The House Oversight and Government Reform Committee is opening an investigation into whether OMB has violated the Inspector General Reform Act of 2008 including by threatening the OPM IG.
According to a committee announcement, chair Edolphus Towns, D-NY, and federal workforce subcommittee chair Stephen Lynch, D-Mass., received information that OMB may have taken actions to undermine the budgetary independence that Congress provided to IGs in the IG Reform Act of 2008.
It said OPM IG Patrick McFarland wrote to them stating, "I am alerting you about a very serious matter that represents an attempt to thwart an authority provided to us by the Inspector General Reform Act of 2008 and that creates a risk of compromising our operational independence."

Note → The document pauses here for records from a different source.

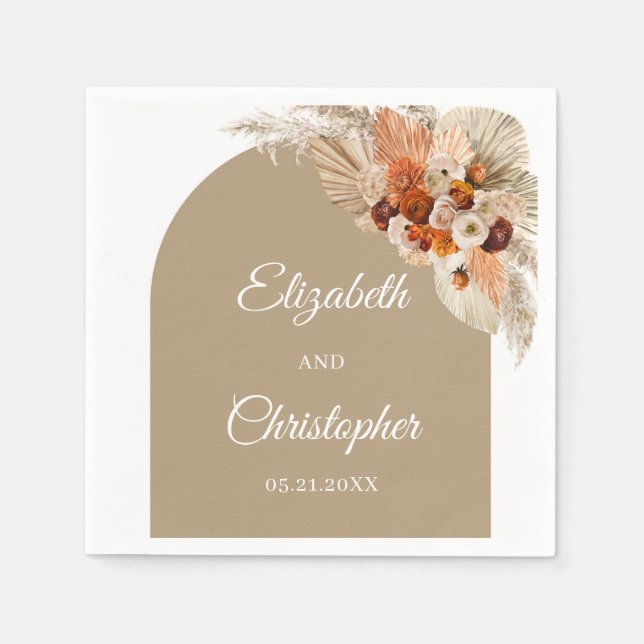 Boho pampas grass terracotta verbrannte orange Hoc Serviette (Vorderseite)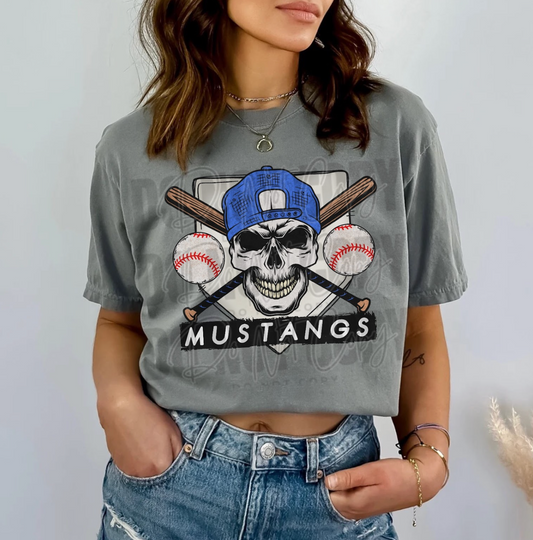 Mustangs Blue DTF Transfer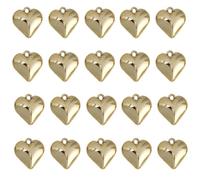 QILANJO 50 Pcs Heart Hanging Charms 3D Shaped Acrylic Plastic Heart Pendent with Hanging Ring for Craft Jewelry Making Decor DIY, Golden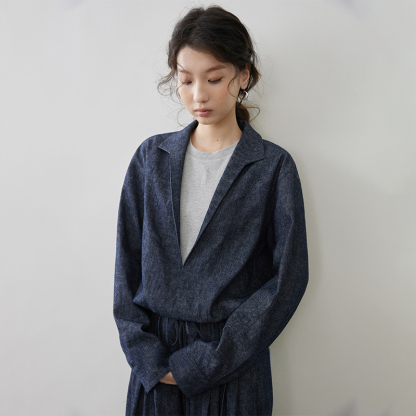 女士春秋亞麻棉牛仔假兩件套裝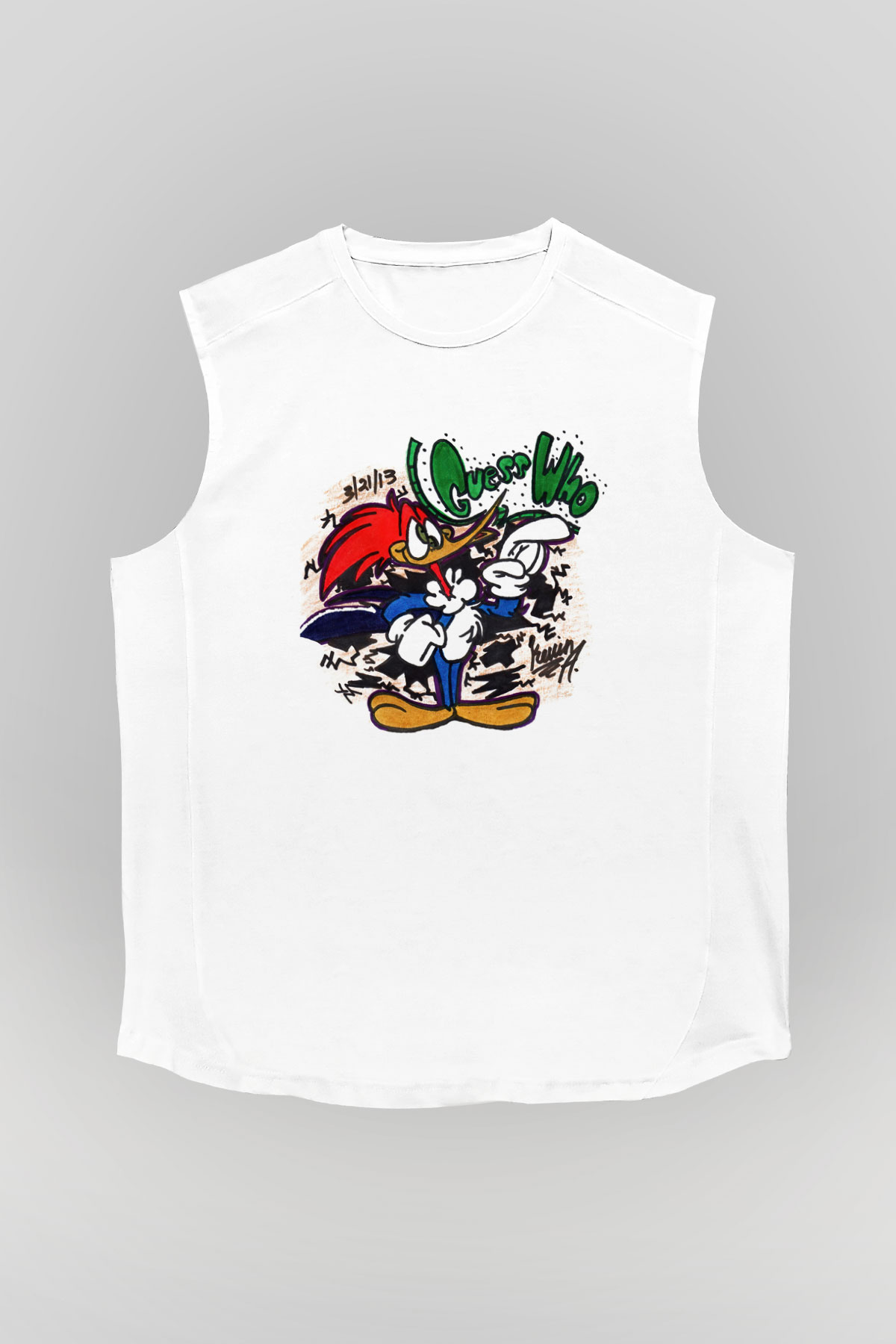 Woody Woodpecker Beyaz Unisex Kolsuz Tişört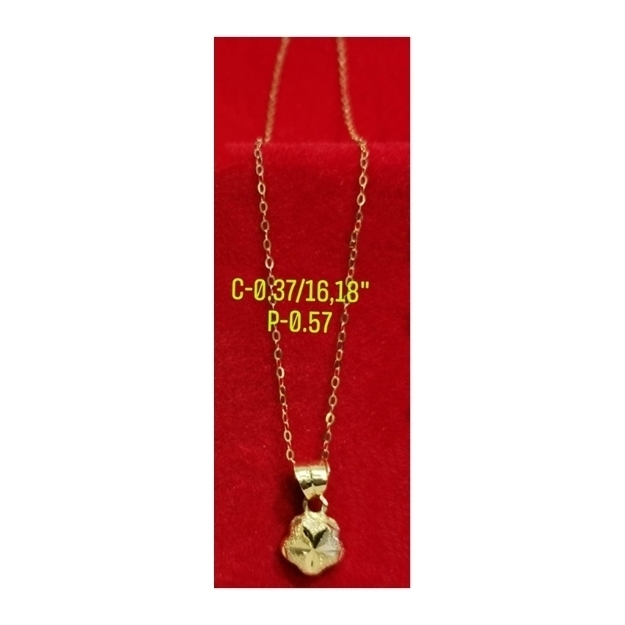 Picture of 18K Saudi Gold Necklace with Pendant, Chain 0.37g, Pendant 0.57g, Size 16", 18", 2805NCS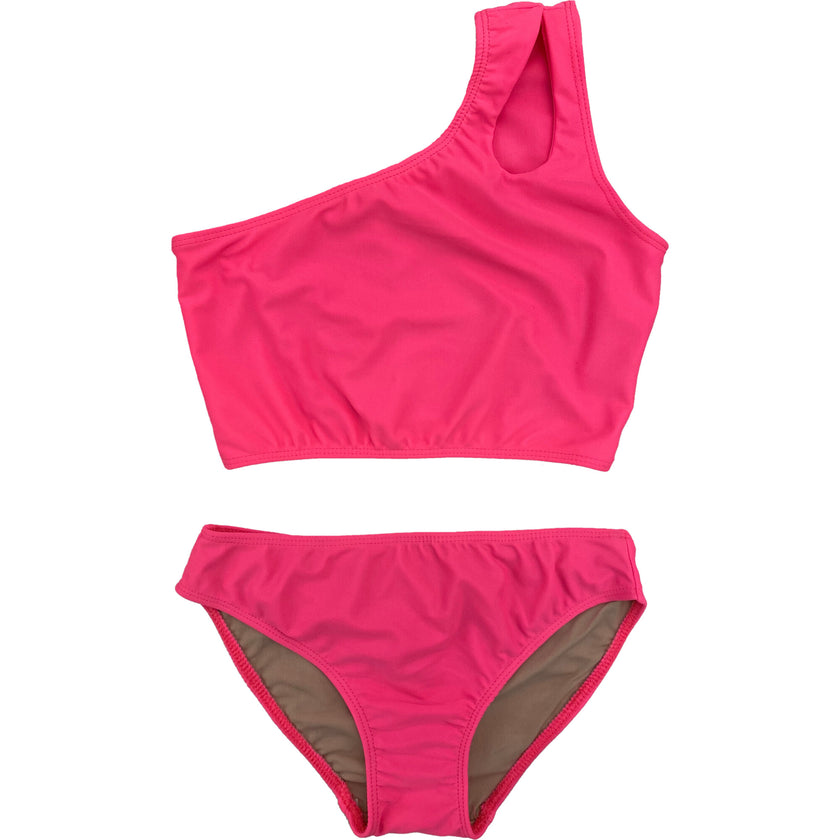 Girl's Two Piece One Shoulder Bathing Suit Pink, Pink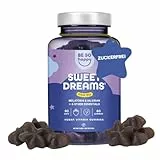Melatonin Gummies 0,5mg für den Schlaf,120 Tage, Extra Leckere mit Baldrian + Passionsblume + Kamille + Lavendel + Vitamin B6, Blaubeergeschmack, 60 leckere Gummibärchen, Vegan, BeSoHappy®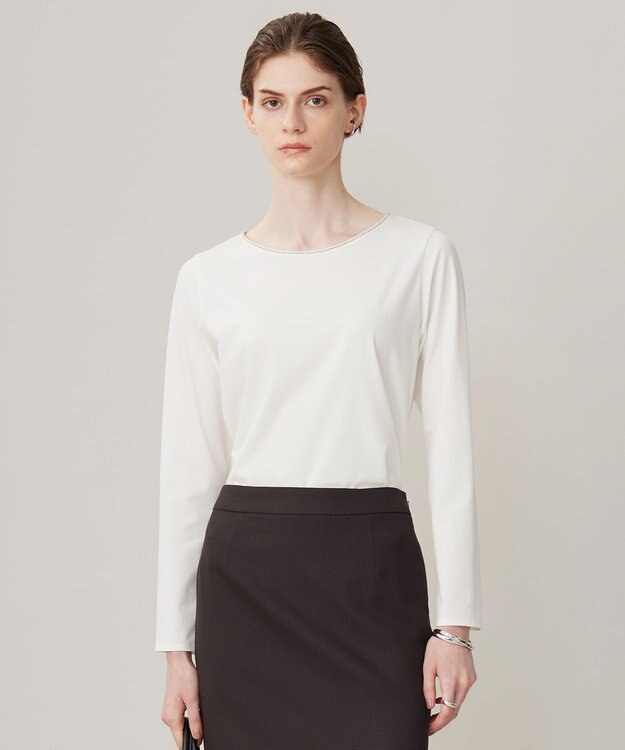 ICB L 【洗える】コンパクトモクロディ プルオーバー［ボールチェーン］ オフホワイト系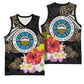 Caribbean American Heritage Month Basketball Jersey Tribal Pattern Tropical Hibiscus Flower
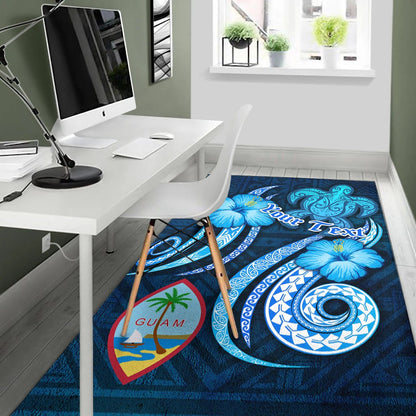 Guam Personalised Area Rug - Turtle and Tribal Tattoo Of Polynesian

A budget provision in the act states that the comments of an affected IG shall be included in the White House budget submitted to Congress if the IG concludes that the budget would "substantially inhibit" him from performing his duties.
McFarland alleges that OPM received a "not so veiled threat from OMB" that if the IG exercised its statutory authority to advise Congress that the proposed budget was inadequate, OMB "will make life miserable" for the OPM IG, according to the committee.
It said Towns and Stephens would thoroughly investigate the incident, and that they already sent letters to OMB director Orszag and the chair of the Council of the Inspectors General on Integrity and Efficiency, Phyllis Fong, requesting immediate assistance with the investigation.
The committee said it was also reviewing whether the allegations at OPM are isolated or part of a larger pattern.